___ Data to examine

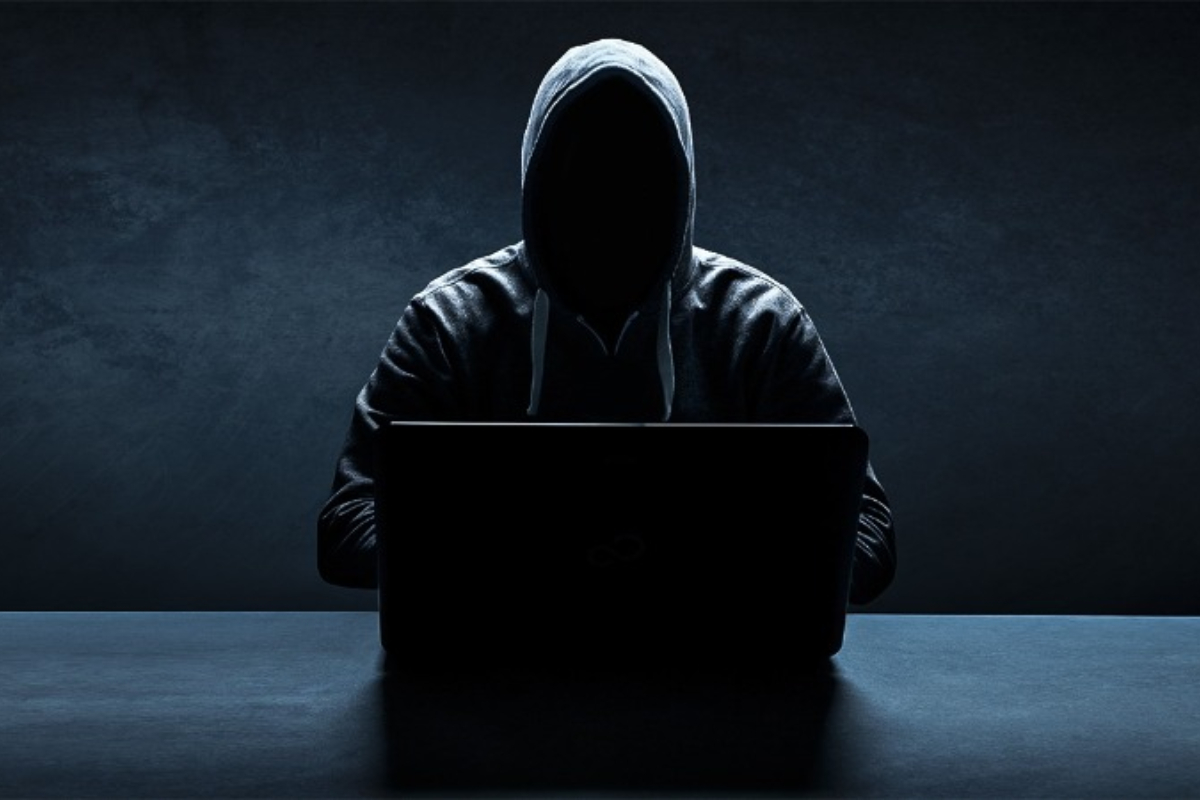 Homem é condenado por ameaçar adolescente com nudes por cinco anos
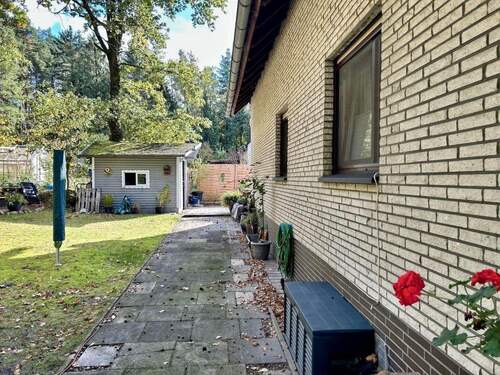 Seitliche Hausansicht mit Gartenhaus - 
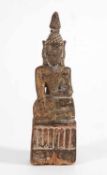 Sitzender BuddhaBirma(?), wohl 19. Jh.. Holz geschnitzt, schöne Alterspatina, Reste alter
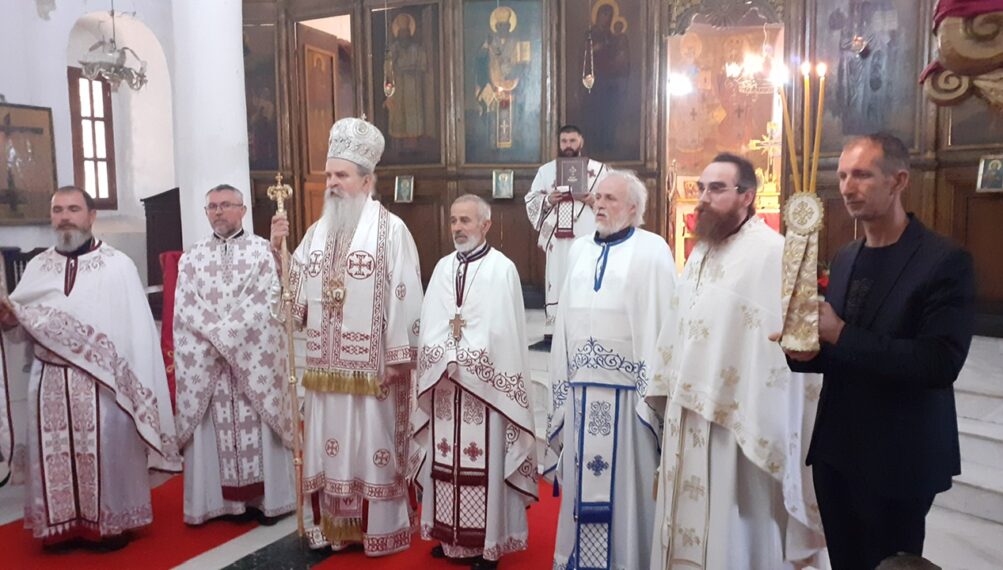 Архијерејска Литургија у Гњилану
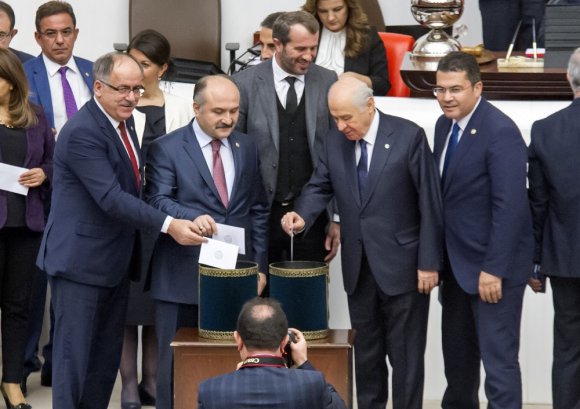 Türkiye Büyük Millet Meclisi Başkanlık seçiminde ikinci tur oylamaları başladı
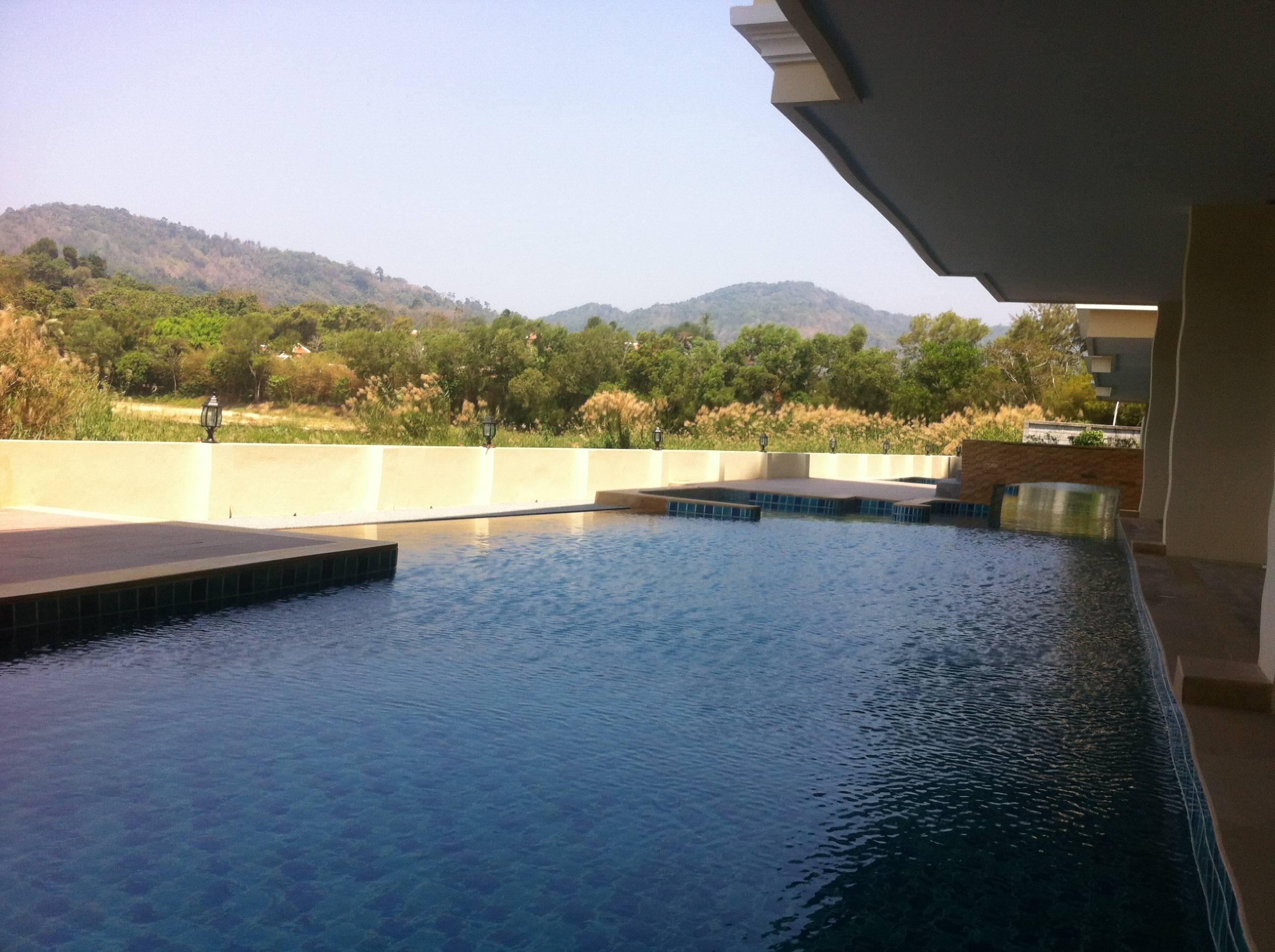 Восхитительные апартаменты с 1 спальней и с видом на горы в проекте Лаго, на пляже Найхарн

______

• Required action
Every line from the one containing "Sitzender BuddhaBirma(?), wohl" through the end of the records is to be returned exactly, and those lines alone; pictures are dropped.

• Solution to the problem
 Sitzender BuddhaBirma(?), wohl 19. Jh.. Holz geschnitzt, schöne Alterspatina, Reste alter
 Архијерејска Литургија у Гњилану
 Türkiye Büyük Millet Meclisi Başkanlık seçiminde ikinci tur oylamaları başladı
 Восхитительные апартаменты с 1 спальней и с видом на горы в проекте Лаго, на пляже Найхарн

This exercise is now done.